# How do robots know what they are looking at?

You may wonder, how do robots know what they are looking at? How do robots tell the difference between dogs & cats? In this post we’ll give an introductory explanation to neural network based classifiers. Recall from how do robots learn, supervised learning is machine learning where the algorithm is trained on labeled data to predict or map input features to corresponding output labels. How can machine learning be used to tell the difference between a dog and a cat?

## Supervised Machine Learning: Classification

Classification is how we describe given data and a set of unique characteristics, we can classify & recognize different objects.
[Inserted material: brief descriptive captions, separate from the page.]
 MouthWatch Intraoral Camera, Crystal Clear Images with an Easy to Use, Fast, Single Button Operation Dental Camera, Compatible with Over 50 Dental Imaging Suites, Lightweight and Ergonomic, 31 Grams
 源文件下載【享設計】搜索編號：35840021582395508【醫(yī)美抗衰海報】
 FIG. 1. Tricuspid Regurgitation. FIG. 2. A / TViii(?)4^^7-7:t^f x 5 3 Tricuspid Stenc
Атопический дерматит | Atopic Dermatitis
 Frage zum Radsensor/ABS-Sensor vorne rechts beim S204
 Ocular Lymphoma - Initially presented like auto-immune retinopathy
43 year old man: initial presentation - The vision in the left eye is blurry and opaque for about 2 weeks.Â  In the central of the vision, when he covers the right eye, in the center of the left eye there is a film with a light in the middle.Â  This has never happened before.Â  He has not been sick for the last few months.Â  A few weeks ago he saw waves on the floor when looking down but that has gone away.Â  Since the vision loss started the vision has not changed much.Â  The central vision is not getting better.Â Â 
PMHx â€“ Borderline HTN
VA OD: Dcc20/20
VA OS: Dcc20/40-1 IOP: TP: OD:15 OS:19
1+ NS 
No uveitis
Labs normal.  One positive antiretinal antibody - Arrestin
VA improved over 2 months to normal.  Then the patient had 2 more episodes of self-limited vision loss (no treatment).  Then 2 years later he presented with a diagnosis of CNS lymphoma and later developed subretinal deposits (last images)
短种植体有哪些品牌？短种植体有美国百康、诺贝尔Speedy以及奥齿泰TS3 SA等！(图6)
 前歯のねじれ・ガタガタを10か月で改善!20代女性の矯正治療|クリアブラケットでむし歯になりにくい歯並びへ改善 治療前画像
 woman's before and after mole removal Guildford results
Basic classification used by robots to differentiate cats & dogs are done using a neural network.

What is a Neural Network?

• Teaches computers to process data in a way that is inspired by the human brain’s neurons
• A type of machine learning, called deep learning (due to the often large number of layers), that use interconnected nodes or “neurons” in a layered structure to transform inputs into desired outputs

What is a Neural Network “Neuron” / Node?

• Mathematically, a neural network “neuron” accepts some input, that is fed to an activation function which then maps the inputs into a new form of possibly nonlinear output
• Weights scale the input
• Bias offsets the summation
• Activation functions help encode checks for desired dimensions/traits of inputs

Classifying tree vs balloon example

• We classify objects by introducing “dimensions” (variables quantifying one specific feature of the object)
• With enough dimensions, we can accurately distinguish one object from another
• Each dimension could be checked in the hidden layers, the activation of which helps classify objects

What is a neural network “activation” functions?

• When a model is trained, the weights & biases are modified to maximize the correctness of the output determined via an objective function
• The output of all layers encode the “answer” to a question, such as the classification of an object (yes/no for each output node option)
• Note only outputs in the output layer can be used to answer questions

Neural network behavior

• Visual characteristics we use to differentiate cats vs dogs can be translated into classification properties as part of the activation functions of the neurons
• Size, Shape, Tail
• Only if features are present will the neurons activate, leading to the desired output (i.e dog)

An image is fed as inputs, while features are extracted via activated neurons, the sum of which classify the dog or cat. Recall, from how robots see, images are just pixel values which are numbers:

• All colors can be formed from red/green/blue (RGB) values
• Images can be represented numerically in matrixes
• Basis of computer vision

Putting it all together: Neural Network Based Dog Classifier:

• Images can be represented numerically (pixel values)
• Numbers can be processed mathematically with functions to identify edges in an image
• The combination of edges make up features (i.e legs, tail, snout, ears)
• The combination of features can classify the animal

The same neural network principle can be used to classify / read numbers & letters! Robots can read by using text-classifiers to identify characters and numbers based on specific properties unique to each.